_TASK TO CARRY OUT_
Please output the listing exactly as it stands, but omit any images.

_DATA FOR PROCESSING_
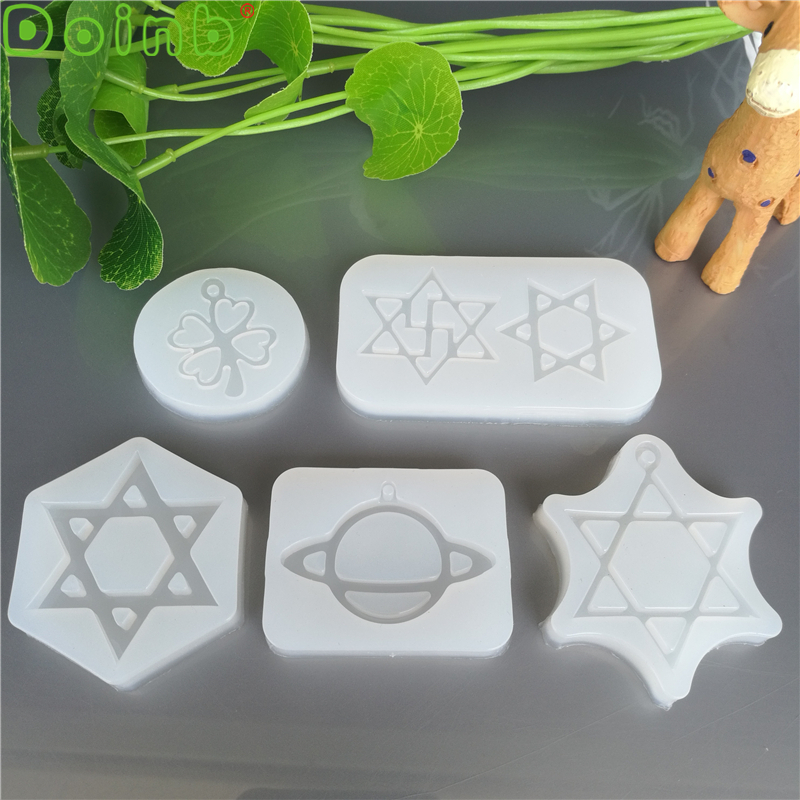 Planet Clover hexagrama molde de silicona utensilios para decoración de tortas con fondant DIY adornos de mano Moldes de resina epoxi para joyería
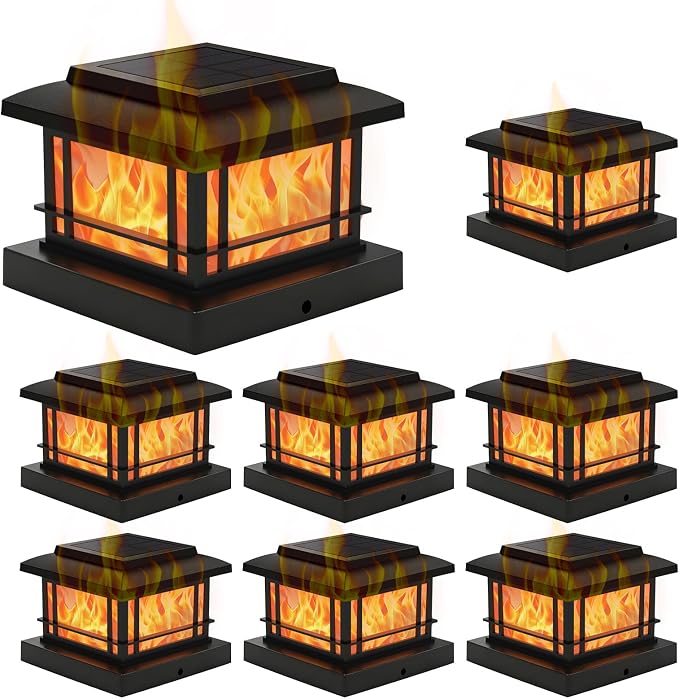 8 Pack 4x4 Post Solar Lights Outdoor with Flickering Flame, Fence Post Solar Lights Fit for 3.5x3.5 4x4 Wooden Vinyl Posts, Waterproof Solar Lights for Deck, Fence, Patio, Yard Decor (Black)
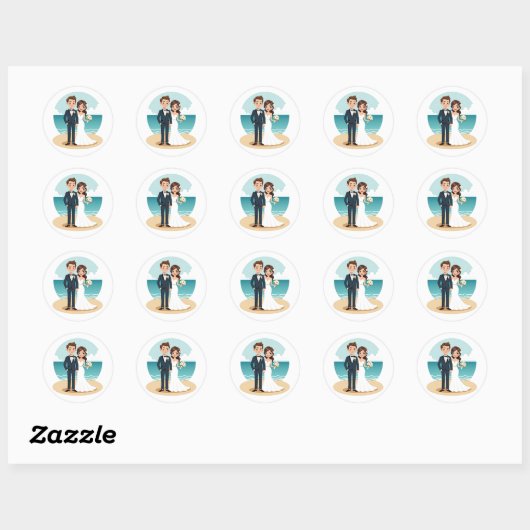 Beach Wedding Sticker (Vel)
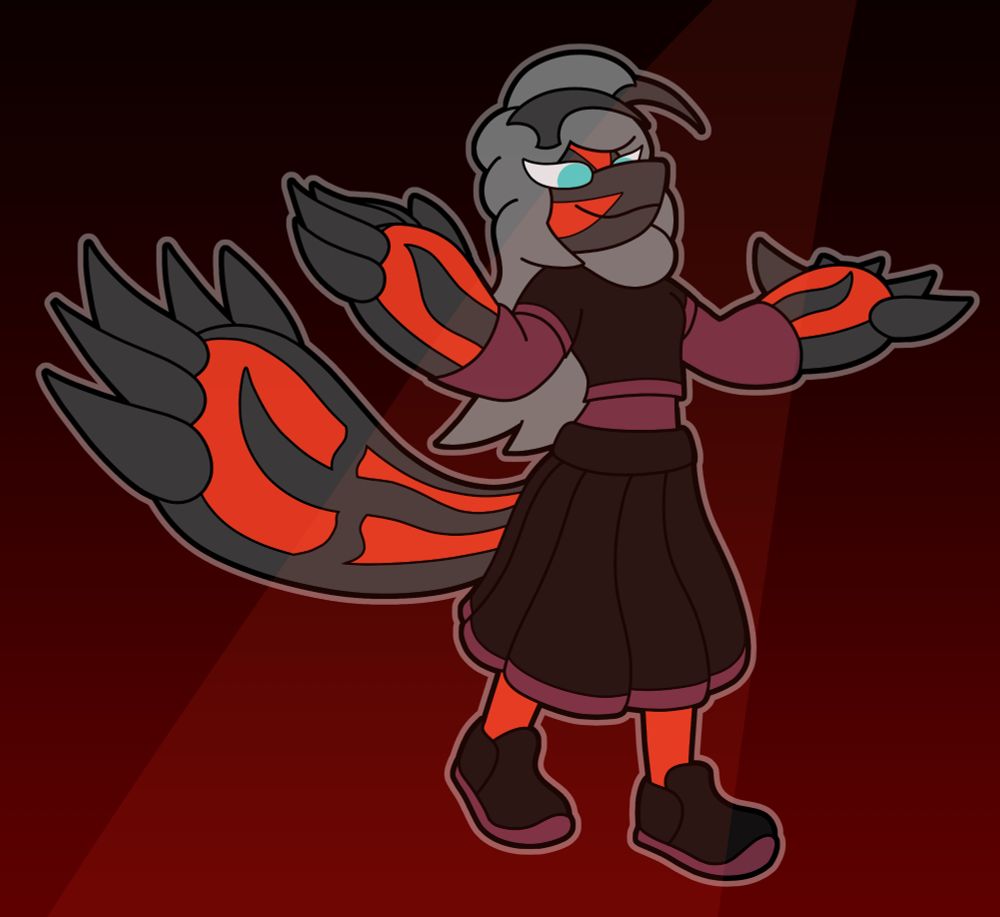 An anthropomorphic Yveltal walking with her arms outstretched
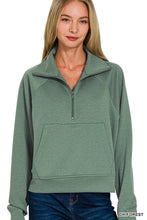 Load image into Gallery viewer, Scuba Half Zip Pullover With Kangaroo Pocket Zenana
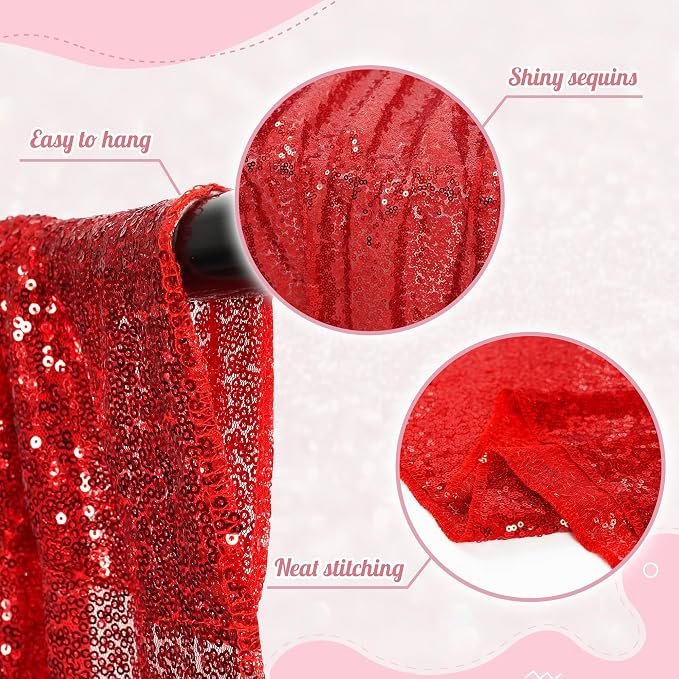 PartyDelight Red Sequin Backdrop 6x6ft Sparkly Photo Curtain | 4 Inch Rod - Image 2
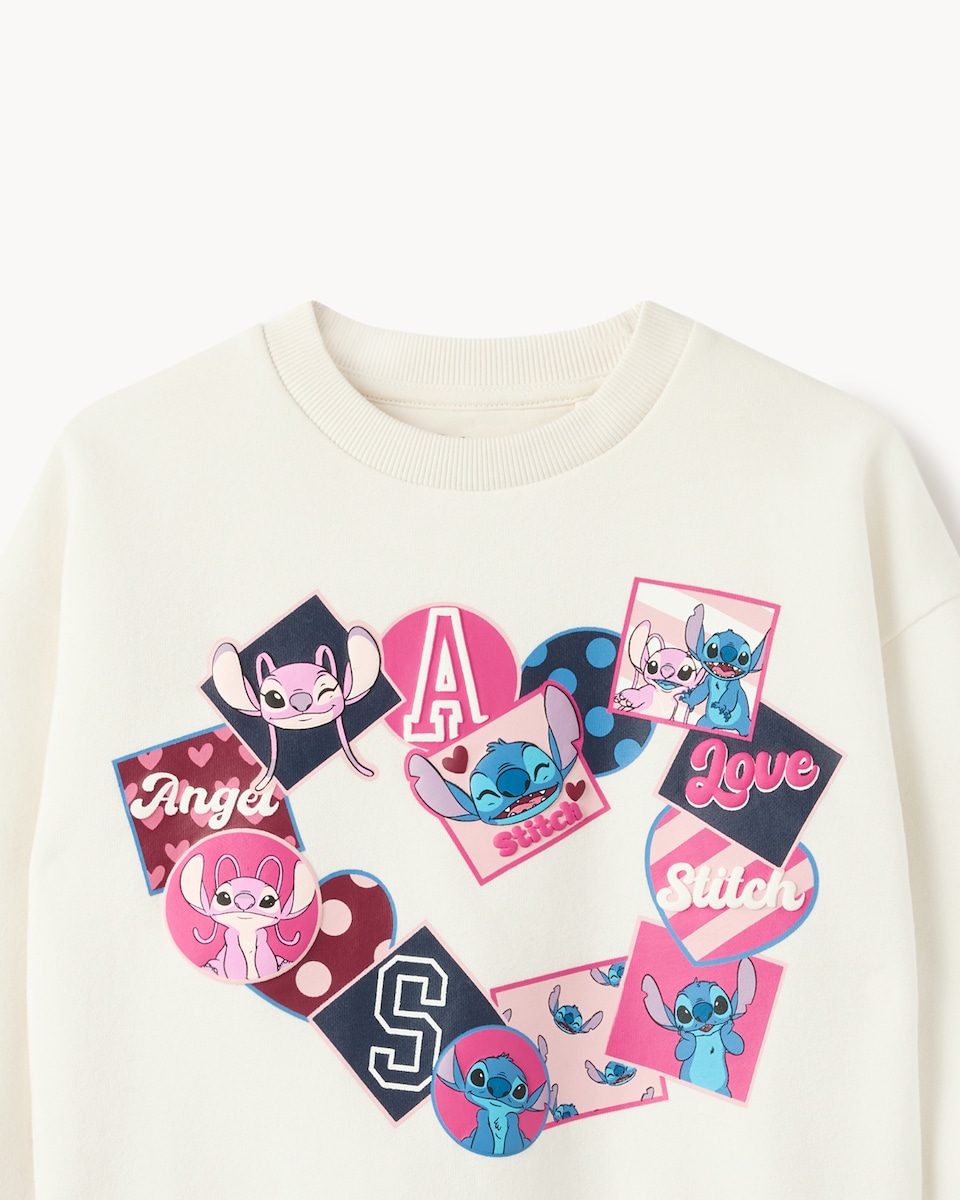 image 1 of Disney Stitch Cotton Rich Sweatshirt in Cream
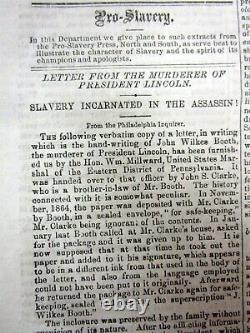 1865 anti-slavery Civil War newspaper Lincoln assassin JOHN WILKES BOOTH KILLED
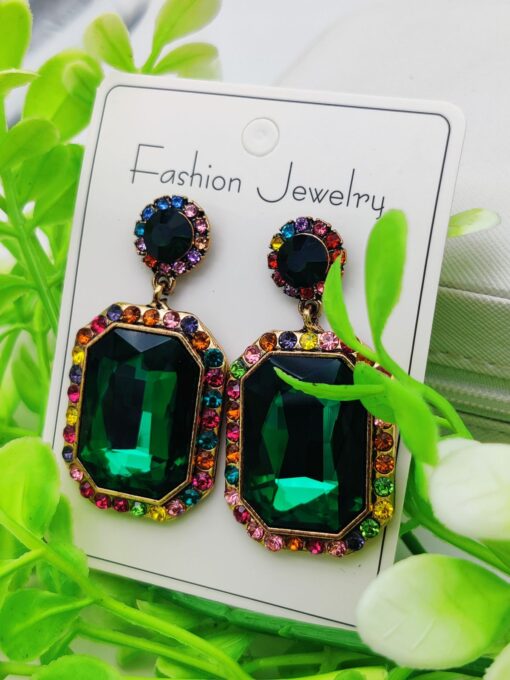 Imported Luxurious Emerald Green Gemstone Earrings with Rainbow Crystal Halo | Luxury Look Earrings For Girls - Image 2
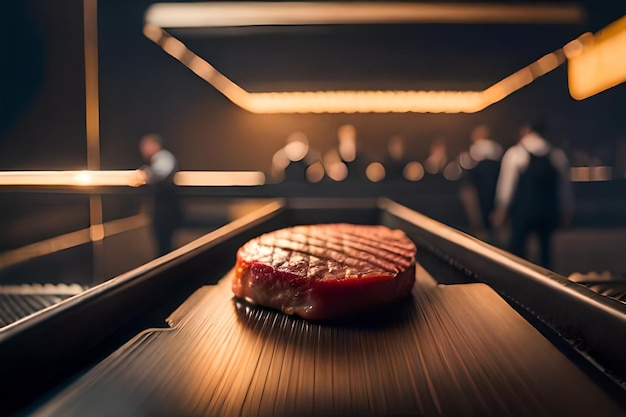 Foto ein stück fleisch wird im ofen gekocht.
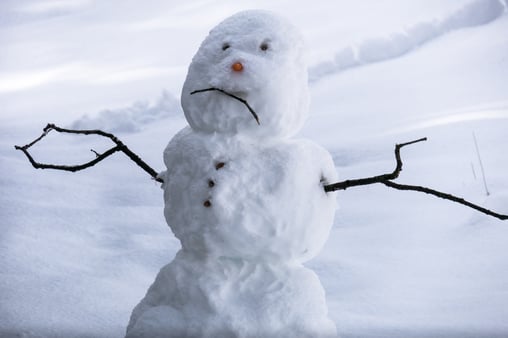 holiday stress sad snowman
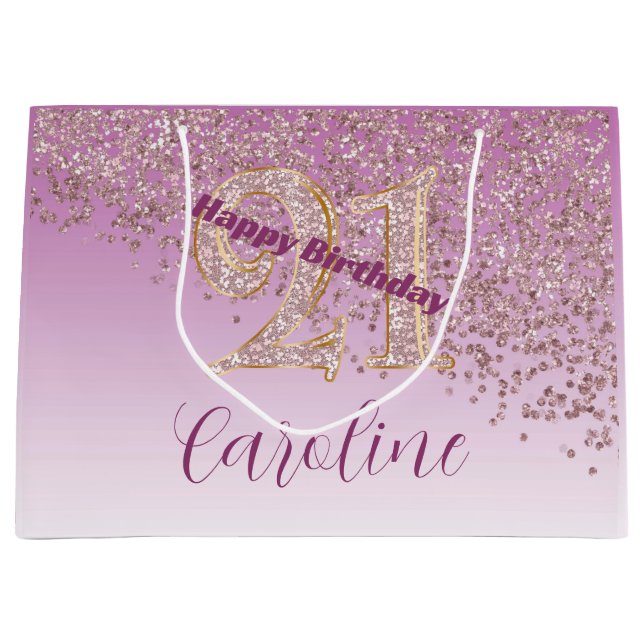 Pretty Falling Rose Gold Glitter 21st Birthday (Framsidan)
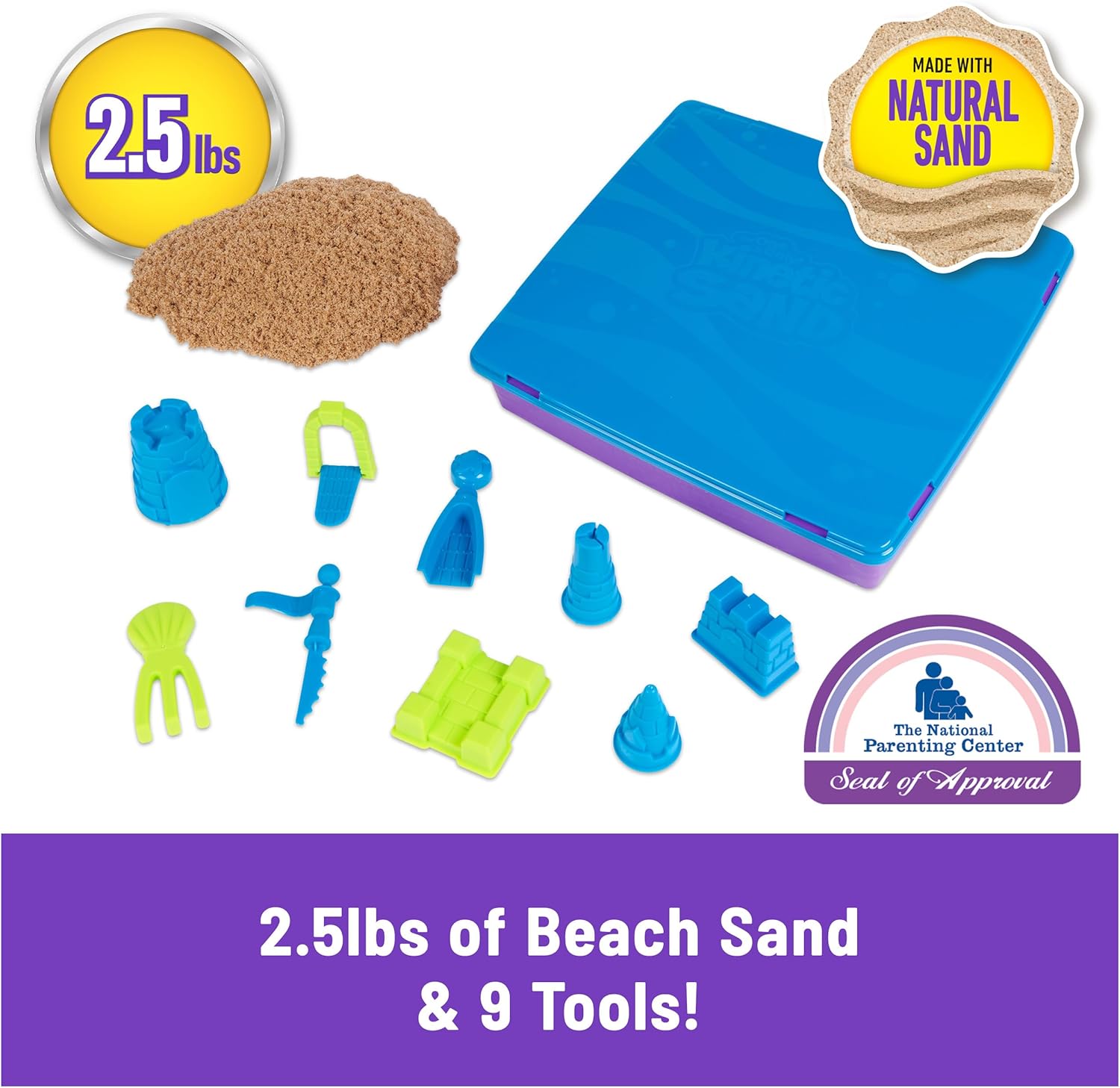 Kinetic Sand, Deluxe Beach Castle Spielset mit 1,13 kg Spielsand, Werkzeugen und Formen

_THE ANSWER_
 Planet Clover hexagrama molde de silicona utensilios para decoración de tortas con fondant DIY adornos de mano Moldes de resina epoxi para joyería
 8 Pack 4x4 Post Solar Lights Outdoor with Flickering Flame, Fence Post Solar Lights Fit for 3.5x3.5 4x4 Wooden Vinyl Posts, Waterproof Solar Lights for Deck, Fence, Patio, Yard Decor (Black)
 Beach Wedding Sticker (Vel)
 An anthropomorphic Yveltal walking with her arms outstretched
 Load image into Gallery viewer, Scuba Half Zip Pullover With Kangaroo Pocket Zenana
 PartyDelight Red Sequin Backdrop 6x6ft Sparkly Photo Curtain | 4 Inch Rod - Image 2
 image 1 of Disney Stitch Cotton Rich Sweatshirt in Cream
 1865 anti-slavery Civil War newspaper Lincoln assassin JOHN WILKES BOOTH KILLED
 Imported Luxurious Emerald Green Gemstone Earrings with Rainbow Crystal Halo | Luxury Look Earrings For Girls - Image 2
 Foto ein stück fleisch wird im ofen gekocht.
 holiday stress sad snowman
 Pretty Falling Rose Gold Glitter 21st Birthday (Framsidan)
 Kinetic Sand, Deluxe Beach Castle Spielset mit 1,13 kg Spielsand, Werkzeugen und Formen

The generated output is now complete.